**WHAT THE EXERCISE ASKS:** Produce an exact transcription of the data, with the images left out.

**GIVEN RECORDS:**
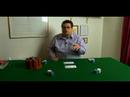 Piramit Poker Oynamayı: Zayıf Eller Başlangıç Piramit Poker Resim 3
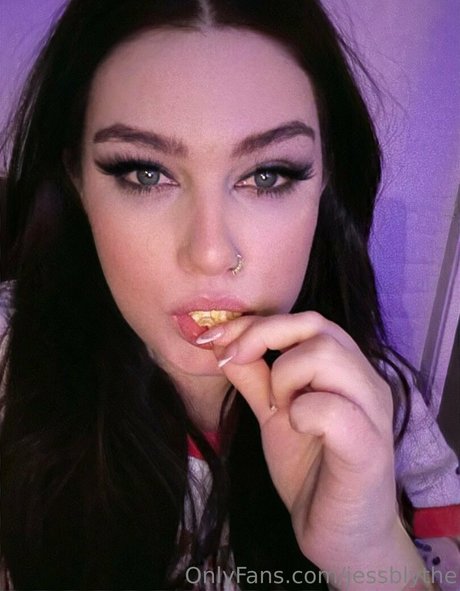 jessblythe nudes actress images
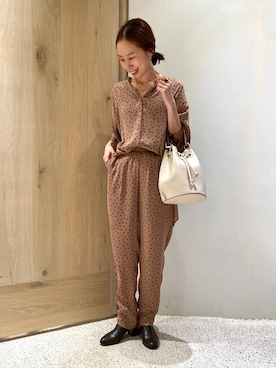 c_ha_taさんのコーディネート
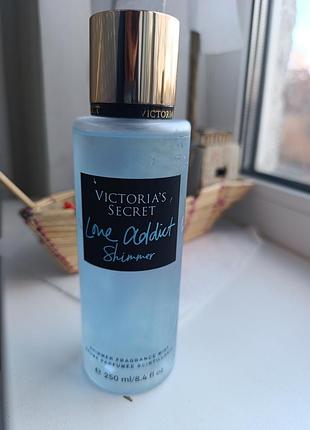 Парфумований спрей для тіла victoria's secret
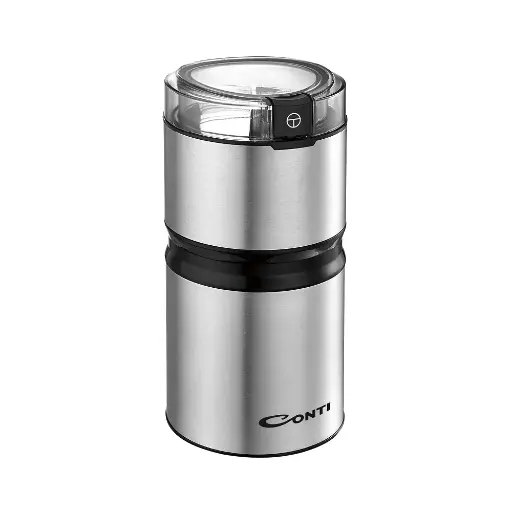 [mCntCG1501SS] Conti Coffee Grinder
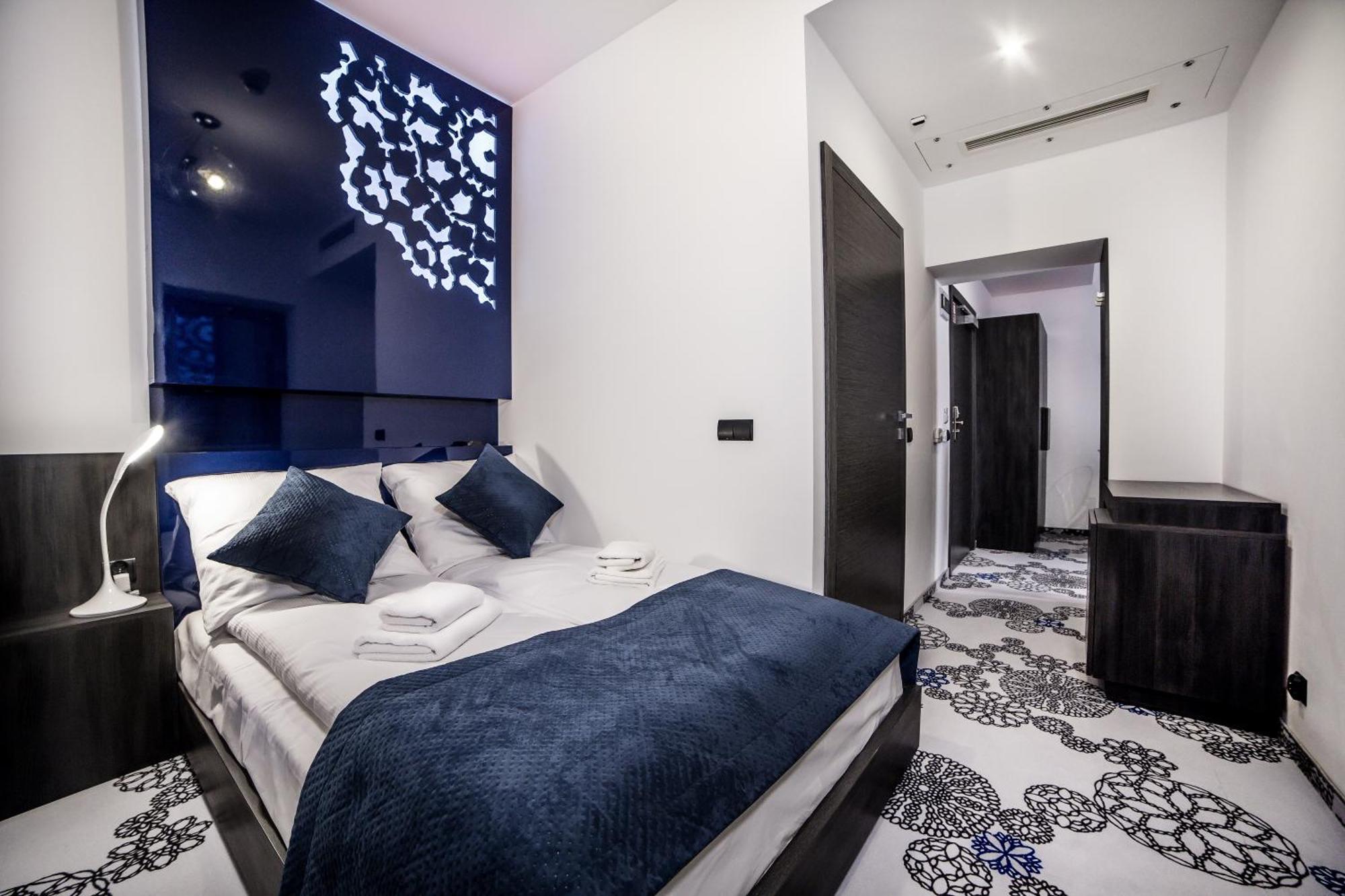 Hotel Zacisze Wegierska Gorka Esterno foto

**EXPECTED ANSWER:**
 Piramit Poker Oynamayı: Zayıf Eller Başlangıç Piramit Poker Resim 3
 jessblythe nudes actress images
 c_ha_taさんのコーディネート
 Парфумований спрей для тіла victoria's secret
 [mCntCG1501SS] Conti Coffee Grinder
 Hotel Zacisze Wegierska Gorka Esterno foto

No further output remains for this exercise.